After the harshest winter in decades, the Balkans region in the south east of Europe is now facing its hottest summer and the worst drought across the area in nearly 40 years.
Wildfires are destroying forests, rivers are being reduced to a trickle, crops are wilting on the scorched farmland and electricity supplies are running low.
The record-setting average temperatures - which have been steadily rising for years because of global warming, according to scientists - have ravaged crops, vegetables, fruit, and power production in a region that already is badly hit by the global economic crisis.
This year, farmers all over the Balkans are turning to the heavens for help. "This is lost," Ljubisav Tomic, a Serbian farmer said, pointing to his corn field, yellow and dried out with cracks in the soil. "Only God can help us, only heaven can save us."
Adding to the troubles are dozens of wildfires, also fuelled by the extreme heat. Blazes have destroyed hundreds of acres of forests and bush in Bosnia, Serbia, Croatia and Montenegro. Some of the fires raging on the border between Serbia and Kosovo are beyond control because of minefields left over from the war over the former Serbian province in 1999.
Potato crops and corn farms are among the worst hit by the drought as irrigation systems in the former Yugoslavia, built under communism, remain clogged and out of date, leaving most of the farmland at nature's mercy.
The drought in the Balkans is being compared to a similar disaster now under way in the United States, with the economies such as Russia likely to profit by exporting food, wheat and other crops to the Balkan states.

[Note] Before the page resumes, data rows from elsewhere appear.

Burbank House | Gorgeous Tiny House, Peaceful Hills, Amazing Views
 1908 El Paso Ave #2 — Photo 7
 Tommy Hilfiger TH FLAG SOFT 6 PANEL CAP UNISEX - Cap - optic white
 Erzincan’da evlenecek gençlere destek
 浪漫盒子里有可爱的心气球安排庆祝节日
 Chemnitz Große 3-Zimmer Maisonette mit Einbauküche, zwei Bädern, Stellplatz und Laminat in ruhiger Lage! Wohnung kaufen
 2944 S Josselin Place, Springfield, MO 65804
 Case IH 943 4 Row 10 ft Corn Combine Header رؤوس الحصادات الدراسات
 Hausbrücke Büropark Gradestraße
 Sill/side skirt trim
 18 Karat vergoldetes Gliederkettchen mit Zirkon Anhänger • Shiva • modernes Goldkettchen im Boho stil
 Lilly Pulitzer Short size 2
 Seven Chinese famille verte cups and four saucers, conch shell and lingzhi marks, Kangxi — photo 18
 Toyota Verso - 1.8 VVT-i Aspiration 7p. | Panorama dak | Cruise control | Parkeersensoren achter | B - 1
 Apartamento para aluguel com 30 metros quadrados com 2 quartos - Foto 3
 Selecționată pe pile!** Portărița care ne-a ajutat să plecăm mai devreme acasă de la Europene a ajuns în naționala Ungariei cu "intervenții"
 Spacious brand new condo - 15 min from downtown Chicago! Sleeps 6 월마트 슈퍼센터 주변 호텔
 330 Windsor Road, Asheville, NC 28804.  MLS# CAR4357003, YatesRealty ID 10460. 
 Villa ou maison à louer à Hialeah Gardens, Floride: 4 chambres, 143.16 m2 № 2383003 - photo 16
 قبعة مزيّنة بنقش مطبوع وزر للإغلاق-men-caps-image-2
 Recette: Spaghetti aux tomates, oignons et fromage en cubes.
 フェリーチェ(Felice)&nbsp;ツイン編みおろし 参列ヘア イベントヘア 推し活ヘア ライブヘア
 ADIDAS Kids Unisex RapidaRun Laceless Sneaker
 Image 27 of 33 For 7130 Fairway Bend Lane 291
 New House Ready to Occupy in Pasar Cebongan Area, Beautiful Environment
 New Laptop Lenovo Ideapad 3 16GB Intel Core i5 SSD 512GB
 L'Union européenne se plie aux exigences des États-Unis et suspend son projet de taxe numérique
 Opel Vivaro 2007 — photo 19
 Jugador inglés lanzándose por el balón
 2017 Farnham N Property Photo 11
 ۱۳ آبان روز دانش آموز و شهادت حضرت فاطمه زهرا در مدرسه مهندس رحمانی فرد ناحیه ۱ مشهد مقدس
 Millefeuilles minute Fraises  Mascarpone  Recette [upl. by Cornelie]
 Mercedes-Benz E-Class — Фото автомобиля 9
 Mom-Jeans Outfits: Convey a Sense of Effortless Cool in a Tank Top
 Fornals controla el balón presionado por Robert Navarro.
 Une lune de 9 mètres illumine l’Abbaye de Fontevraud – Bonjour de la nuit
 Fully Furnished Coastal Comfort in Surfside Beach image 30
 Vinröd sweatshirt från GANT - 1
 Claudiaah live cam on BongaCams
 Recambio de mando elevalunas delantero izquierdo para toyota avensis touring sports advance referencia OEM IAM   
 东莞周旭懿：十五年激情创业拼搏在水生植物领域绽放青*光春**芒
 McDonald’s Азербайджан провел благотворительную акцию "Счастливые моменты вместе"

Because of the drought's effect on livestock, analysts forecast a sharp increase in the retail price of meat and milk, adding to the hardship of one of Europe's poorest regions. "This year's damage from drought is 30-80%, in some areas even100 %," Tihomir Jakovina, Croatia's agriculture minister, said during a tour this week of his country's eastern farmlands.
In Serbia, the agriculture ministry said the corn and soya harvest - the country's main export items - will be halved compared to last year, triggering losses of more than one billion US dollars (£629 million). In Bosnia, the heat has destroyed almost 70% of vegetables and corn, said Sead Jelec, an official at the Association of Agriculture Producers.